Directory — vetted agency & studio types with notes
Below are agencies and studio categories that actively participate in transmedia and IP adaptation. For each, we list what they typically represent, what rights they look for, and how to approach them.
1) Major full-service agencies (WME, CAA, UTA)
What they represent: A broad slate spanning film, TV, talent packaging, scripted and unscripted formats, branded partnerships and gaming. These agencies are now moving upstream to sign IP holders and boutique IP studios to package larger deals.
Rights they want: exclusive option/adaptation rights for film/TV/games, multi-territory negotiation rights, and the ability to attach talent and producers. Agencies increasingly want some level of co-development control to build franchise pipelines.
How to approach: Get an agent or manager referral where possible. If cold-emailing, lead with audience metrics, demonstrable IP traction (sales, awards, community size), and a clear, concise rights status statement. Avoid sending entire manuscripts as attachments — use a one-page rights summary and a short teaser reel or image pack.
2) Boutique transmedia studios and IP incubators (example: The Orangery)
What they represent: Creator-owned graphic novels, comics-first IP, original serialized worlds designed for multiplatform adaptation. Boutique entities focus on proof-of-concept content and early-stage IP packaging.
Rights they want: Flexible development agreements and licensing models that permit modular monetization — TV series first, games next, merchandise later. Boutiques often keep co-ownership or revenue-share structures designed to attract downstream partners.
How to approach: These studios value complete creative worldbuilding. Supply world bibles, character art, sample scripts, and audience engagement signals (patreon, social, Kickstarter). Highlight transmedia ideas — how scenes or locations expand into games, comics, audio, or AR experiences.
Why this matters: The 2026 market rewards IP with cross-platform proof points. The Orangery’s signing with WME shows how boutiques can scale quickly with the right agency partnership.
3) Literary agencies and book-to-screen specialists (Writers House, Curtis Brown and peers)
What they represent: Novels, memoirs, graphic novels and authors with adaptation potential. These agencies broker book-to-screen deals, manage subsidiary rights and often package screenwriters or showrunners.
Rights they want: Clear publishing rights and control to negotiate screen adaptations; sometimes they house separate film/TV departments or refer to partner agencies that handle packaging.

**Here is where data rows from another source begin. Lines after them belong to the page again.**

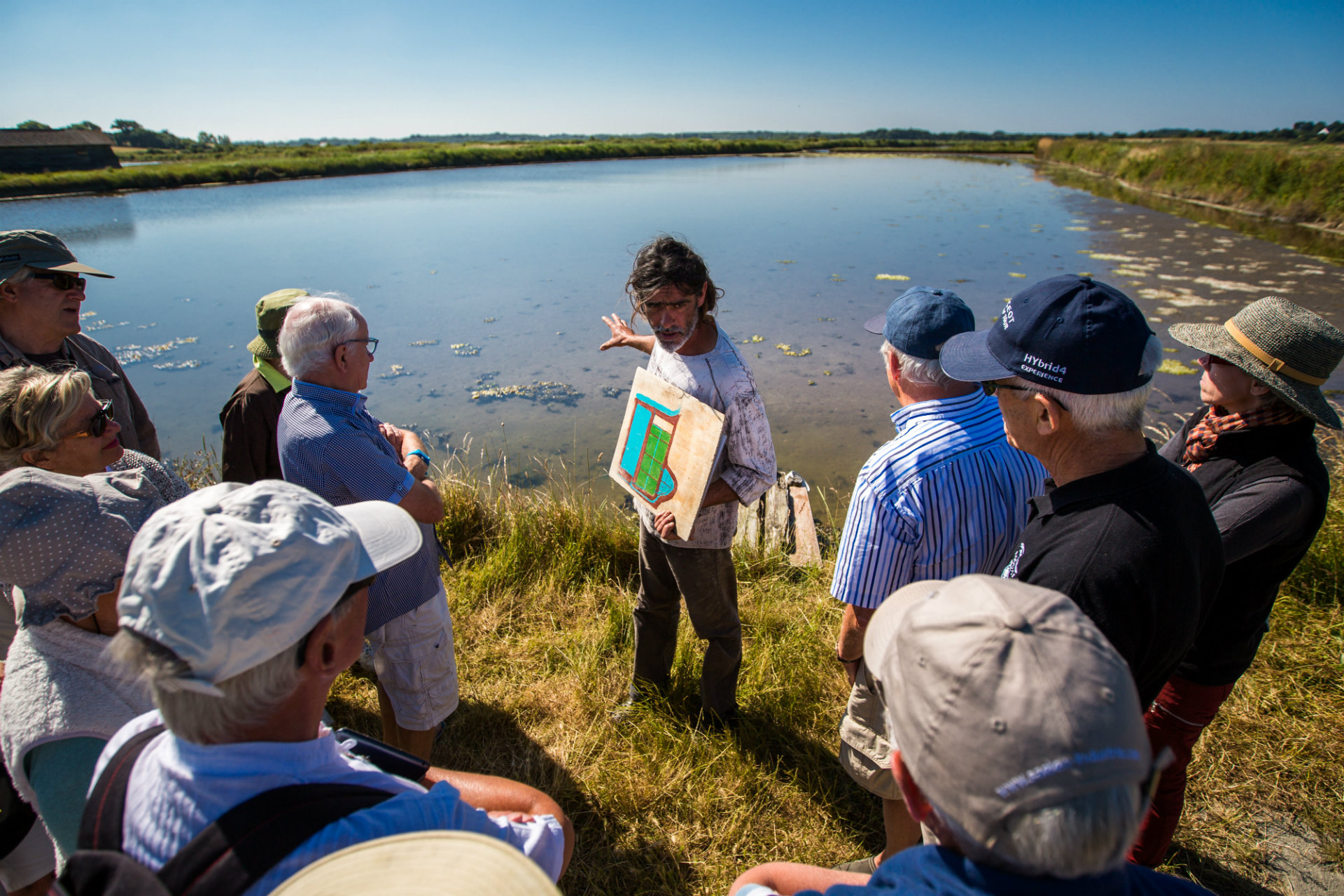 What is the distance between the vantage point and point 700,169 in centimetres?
4184

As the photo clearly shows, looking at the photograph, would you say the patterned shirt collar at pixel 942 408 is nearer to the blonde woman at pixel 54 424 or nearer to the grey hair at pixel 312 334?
the grey hair at pixel 312 334

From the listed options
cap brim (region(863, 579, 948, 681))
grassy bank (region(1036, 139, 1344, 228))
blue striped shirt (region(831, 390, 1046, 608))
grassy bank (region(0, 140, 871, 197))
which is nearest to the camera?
cap brim (region(863, 579, 948, 681))

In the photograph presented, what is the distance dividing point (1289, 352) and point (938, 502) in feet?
4.39

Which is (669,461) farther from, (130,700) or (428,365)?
(428,365)

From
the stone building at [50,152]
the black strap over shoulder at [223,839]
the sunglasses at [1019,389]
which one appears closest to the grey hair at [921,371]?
the sunglasses at [1019,389]

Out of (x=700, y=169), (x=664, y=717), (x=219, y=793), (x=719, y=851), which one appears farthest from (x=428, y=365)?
(x=700, y=169)

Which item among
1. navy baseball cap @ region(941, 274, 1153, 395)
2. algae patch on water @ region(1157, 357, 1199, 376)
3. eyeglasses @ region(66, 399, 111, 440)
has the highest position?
navy baseball cap @ region(941, 274, 1153, 395)

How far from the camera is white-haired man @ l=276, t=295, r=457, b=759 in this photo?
2172 millimetres

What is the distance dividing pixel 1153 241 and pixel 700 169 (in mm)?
30927

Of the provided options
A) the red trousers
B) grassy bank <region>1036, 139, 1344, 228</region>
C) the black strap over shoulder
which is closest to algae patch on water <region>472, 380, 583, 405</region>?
the red trousers

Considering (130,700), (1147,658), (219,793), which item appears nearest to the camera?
(219,793)

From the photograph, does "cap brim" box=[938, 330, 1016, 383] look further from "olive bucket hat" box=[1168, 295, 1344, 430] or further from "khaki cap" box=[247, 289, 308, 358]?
"khaki cap" box=[247, 289, 308, 358]

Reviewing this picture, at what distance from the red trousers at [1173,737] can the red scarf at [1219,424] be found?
2.63ft

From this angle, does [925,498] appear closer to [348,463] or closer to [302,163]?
[348,463] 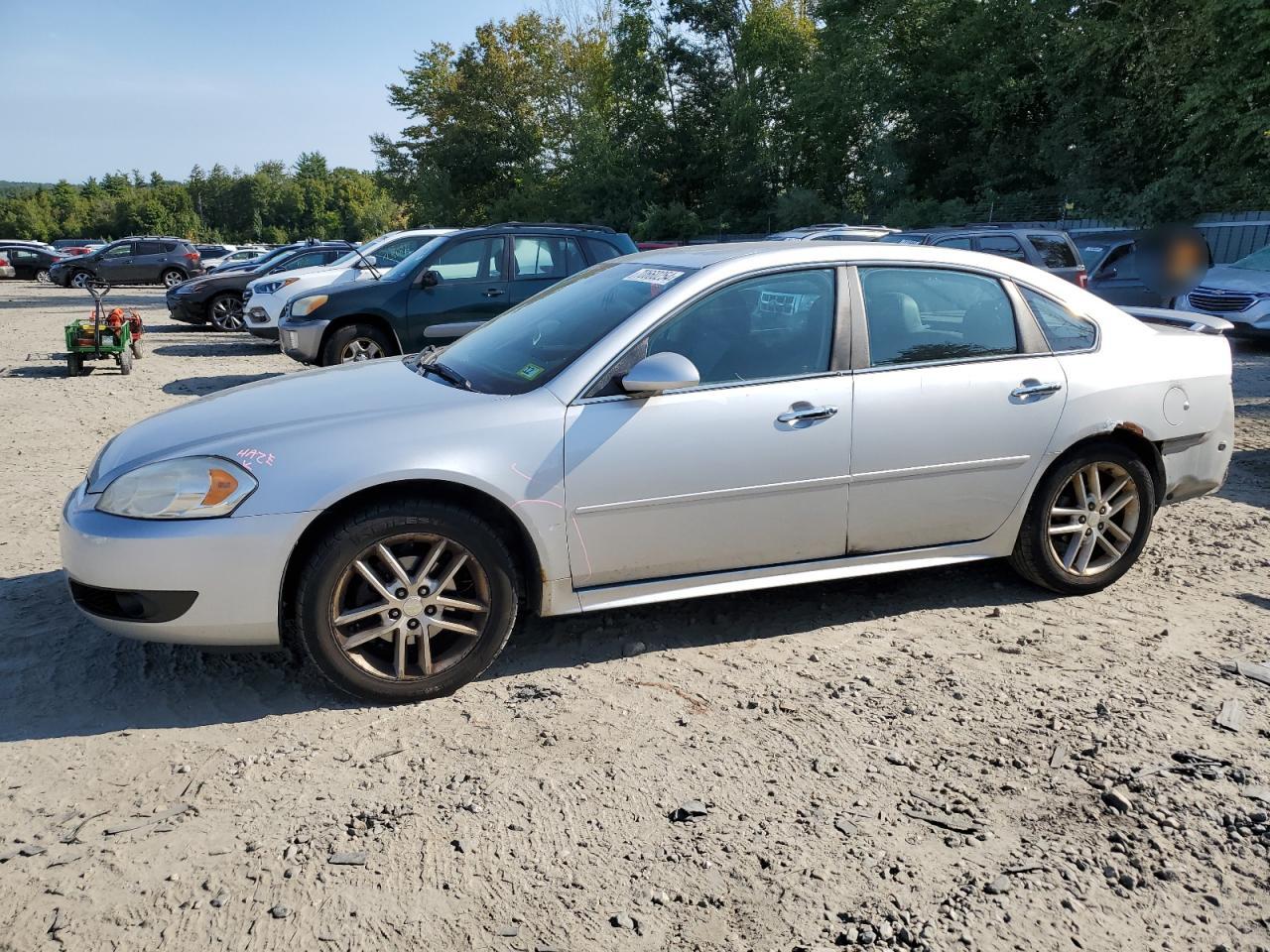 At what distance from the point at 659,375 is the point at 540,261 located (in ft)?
24.0

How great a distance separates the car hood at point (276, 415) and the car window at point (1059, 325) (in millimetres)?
2516

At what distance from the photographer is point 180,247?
117 feet

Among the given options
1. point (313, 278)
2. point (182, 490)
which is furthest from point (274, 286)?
point (182, 490)

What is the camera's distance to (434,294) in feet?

How to approach: Provide publishing contracts, existing sales and reviews, and a short adaptation treatment that identifies episodic potential. If you don’t have an agent, query with a concise deck that includes a logline, series arc and character map.
4) Game and interactive adaptation specialists
What they represent: IP that can translate into live-service games, narrative-driven titles, or interactive film/choose-your-path formats. Increasingly, game studios are licensing narrative IP for transmedia campaigns and vice versa.
Rights they want: Clear licensing windows, territory and platform exclusivity clauses, and merchandising/derivative rights for in-game items. They prefer IP with strong world-building and high fan engagement.
How to approach: Deliver a gameplay-ready world summary, character IP lists, and monetization models. Include engagement metrics and community activity (Discord, Steam Workshop, Twitch viewership).
5) Podcast-to-screen producers and audio-first studios
What they represent: Serialized narrative podcasts, documentary audio IPs, and audio-native creators seeking visual adaptations. Audio-first properties are hot for limited-series adaptations because they come with built-in narrative pacing.
Rights they want: Adaptation and underlying rights with retained creator involvement for showrunning or scripting. Audio studios will often look for exclusive development windows.
How to approach: Provide listener stats, subscriber growth, and audience demographics. Include a visual series treatment and a sample episode timeline for adaptation.
Vetted list: Specific partners and what they prefer
The list below focuses on well-known, credible partners or partner types you can target. This is not exhaustive but is curated for creators and small studios seeking real routes to adaptation.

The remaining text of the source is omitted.